What Blanche did or didn’t do with the Dubois estate is a legitimate issue of contention and the truth needed to be pursued, aggressively if necessary; but most of the other issues Stanley has with Blanche are basically none of his business. After all, everyone has shameful skeletons in their closets, even Stanley, but he’s too oafish to likely ever admit it. One critic erroneously criticized Blanche for being a “pedophile,” but he obviously doesn’t know the definition of the word. Pedophilia refers to a persistent sexual fascination with pre-pubescent kids. The worst Blanche can be accused of is ephebophilia, which is an attraction to those in their later teens, 17 and up. This condition is balanced out by her serious romantic interest in Mitch (Malden).
People rave about Brando’s acting in “Streetcar,” but there are far better examples of his genius, such as “The Young Lions” (1958), “One-Eyed Jacks” (1961), “Mutiny on the Bounty” (1962), “The Missouri Breaks” (1976) and “Apocalypse Now” (1979), to name a handful. Marlon’s portrayal of Kowalski is undermined by the needlessly antagonistic nature of the character. In other words, the performance might be excellent, but the character is so distasteful it’s hard to appreciate it.
This is one of the main eye-rolling problems with the story and the movie: The characters are too one-dimensional and unbelievable. Blanche is the drama mama with airs of sophistication, Stanley is the animalistic brute, Stella is the blindly loyal wife and Mitch is the infatuated dumbaxx. Leigh’s depiction of Blanche is so over-the-top and artificial it would’ve received a Razzie if the film were released a mere decade later.
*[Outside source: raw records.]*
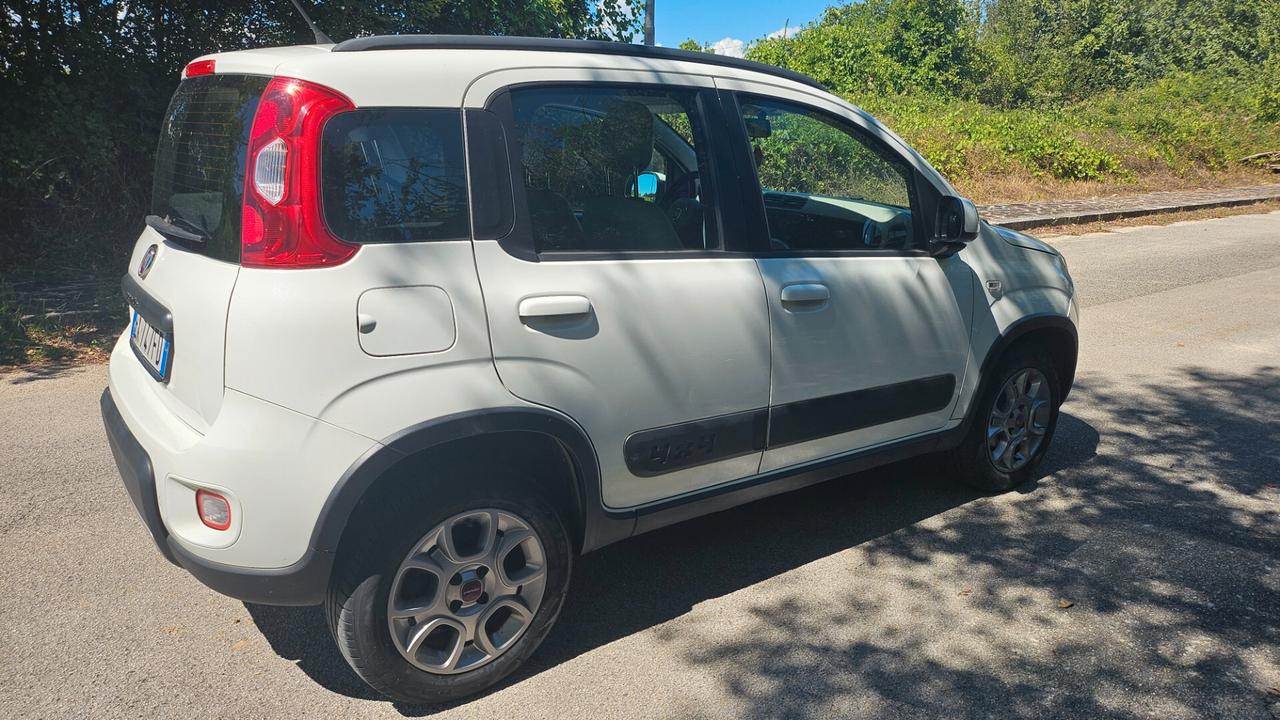 Fiat Panda 4x4 Perfetta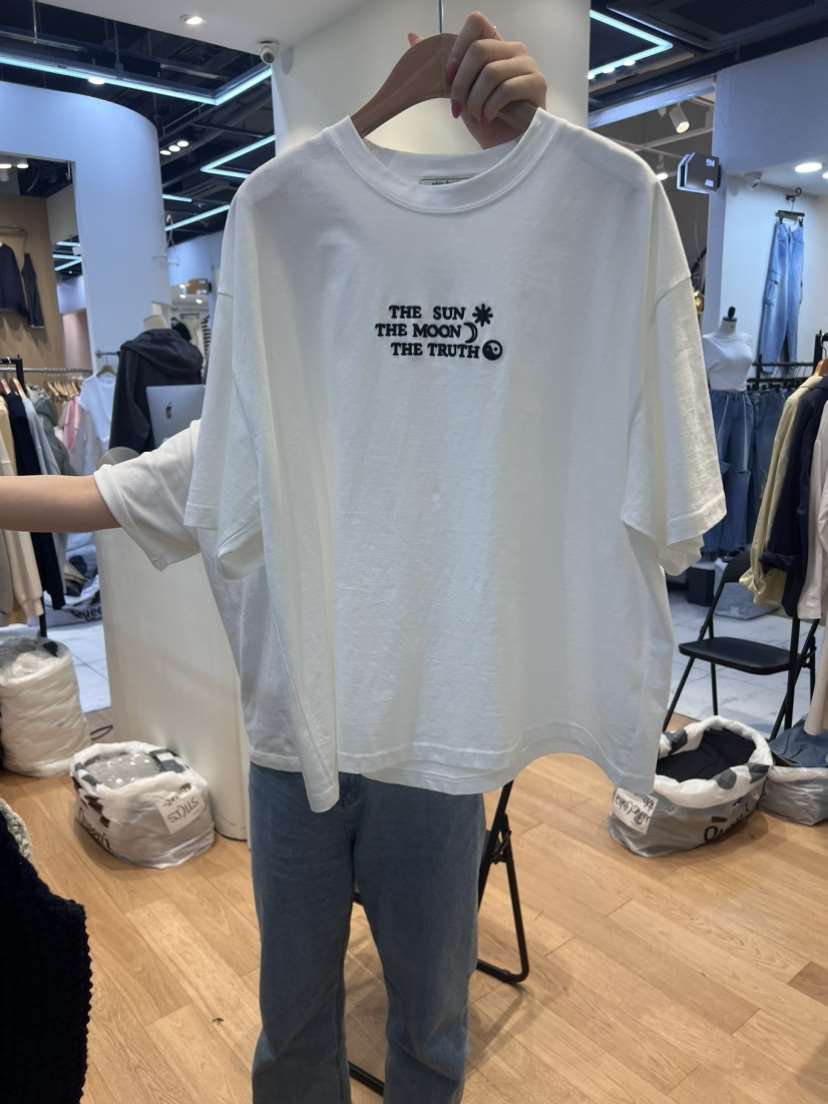 EPIC-S韓國直郵東大門代購女裝新品人氣時尚真品熱賣休閑T恤TARAT恤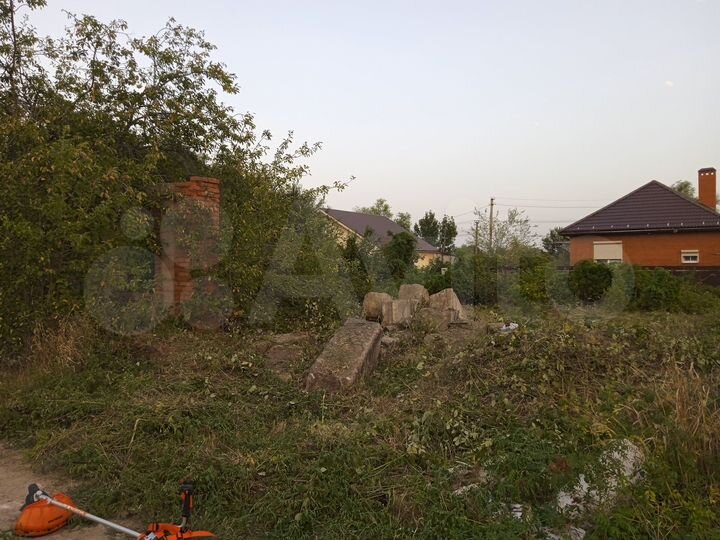 Участок 6 сот. (СНТ, ДНП)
And I’m not blaming Vivien; she did the best she could with the melodramatic script.
Even worse, you have ridiculous elements, like the idea that Mitch was never able to see Blanche in the full light of day, so to speak, even though he took her on a date to the pier. The whole “dimming the lights” component is absurd and poorly executed, especially in light of Vivien’s obvious beauty, whatever her age. In reality, Mitch would (and should) be worshipping at her feet for eternity, regardless of any skeletons of her past.
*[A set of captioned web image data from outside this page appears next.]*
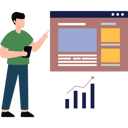 پیش‌نمایش فایل businessman-working-on-web-page-graph-10010270 از پک کارآفرین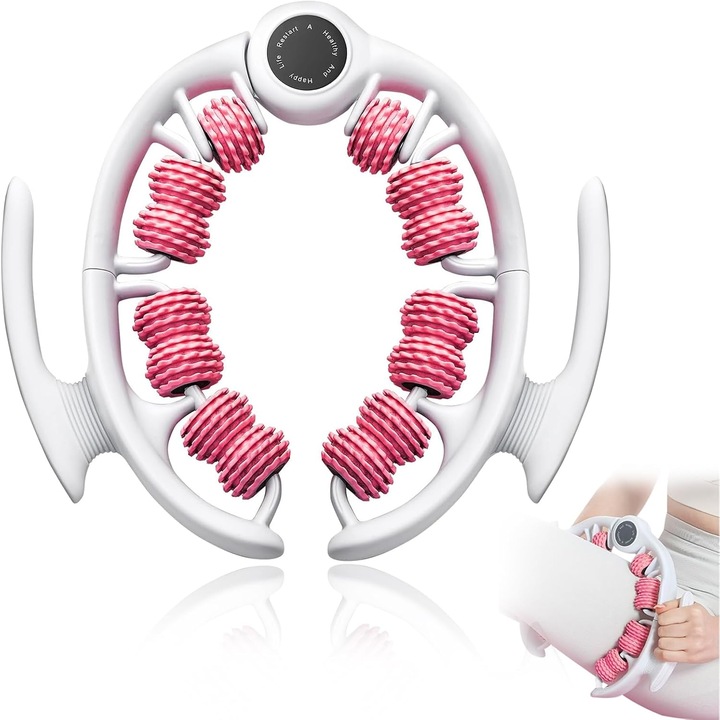 Compresor auto portabil pentru umflat anvelope, incarcare rapida, 30x15x10cm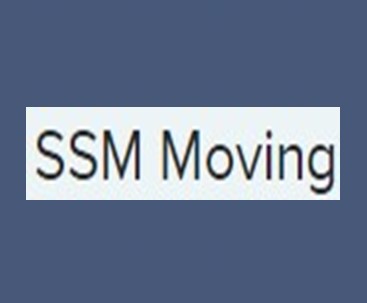 SSM Moving company logo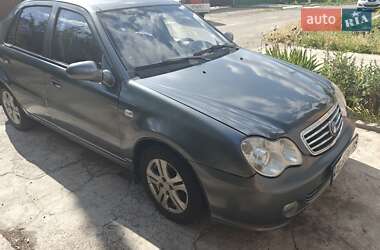 Седан Geely CK 2012 в 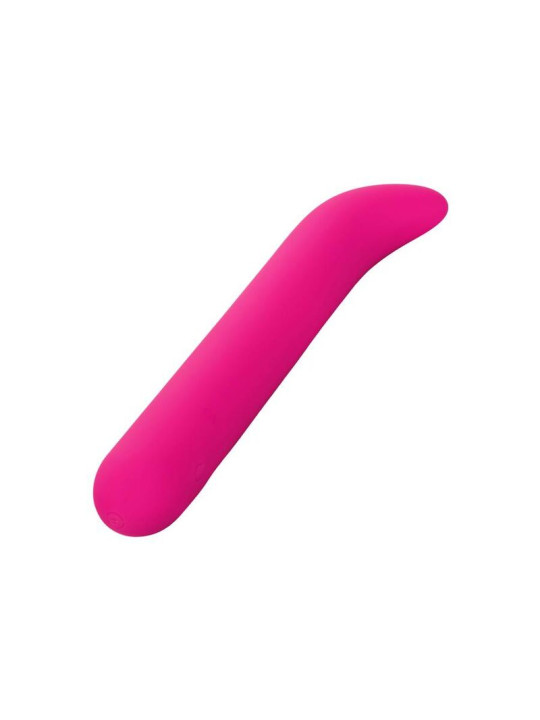 VIBRADOR G-SPOT SILICONA LÍQUIDA 10 VELOCIDADES DE LA MARCA CALEXOTICS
Then there’s the preposterous explanation of the suicide of an off-screen character. In the play the reason was that he was caught in a homosexual affair, which is interesting and works (particularly considering the time period), but they changed this for the movie due to the moral codes and they failed to pull it off, to be nice.
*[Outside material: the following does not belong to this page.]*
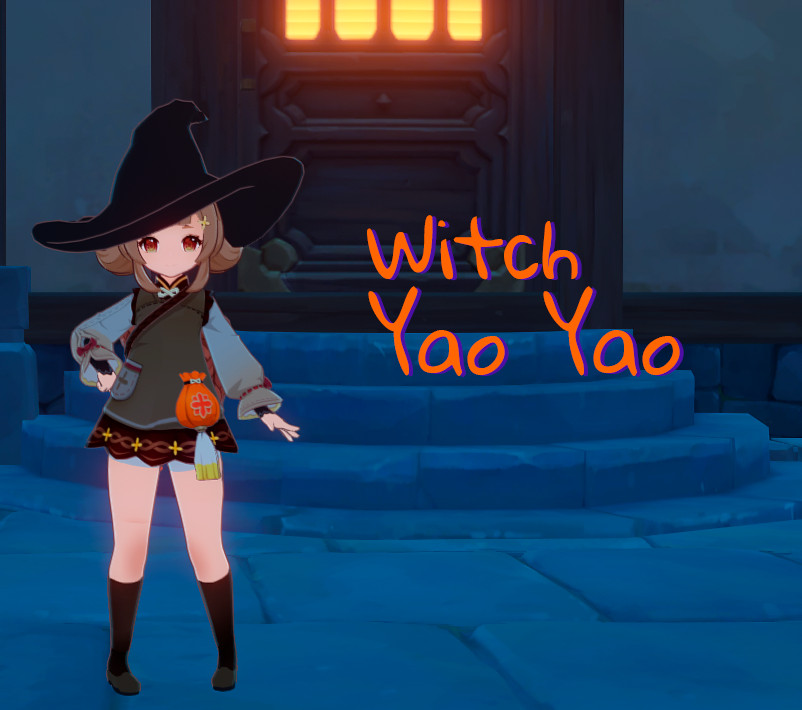 Witch yao yao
BOTTOM LINE: The movie is thematically rich and has a great cast, but the execution is seriously problematic. The story’s not compelling, the characters are aggravatingly one-dimensional and there are too many eye-rolling elements. If you want to see a good Tennessee Williams movie check out 1964’s “The Night of the Iguana” or even 1960’s “The Fugitive Kind” (the latter has its problems, but it’s better than this). The ongoing praise of “A Streetcar Named Desire” is a good example of the emperor having no clothes.
The movie runs 122 minutes (125 minutes re-release) and was shot at Warner Brothers Burbank Studios in California, with the bowling scene done in Los Angeles and the opening railway station filmed in New Orleans.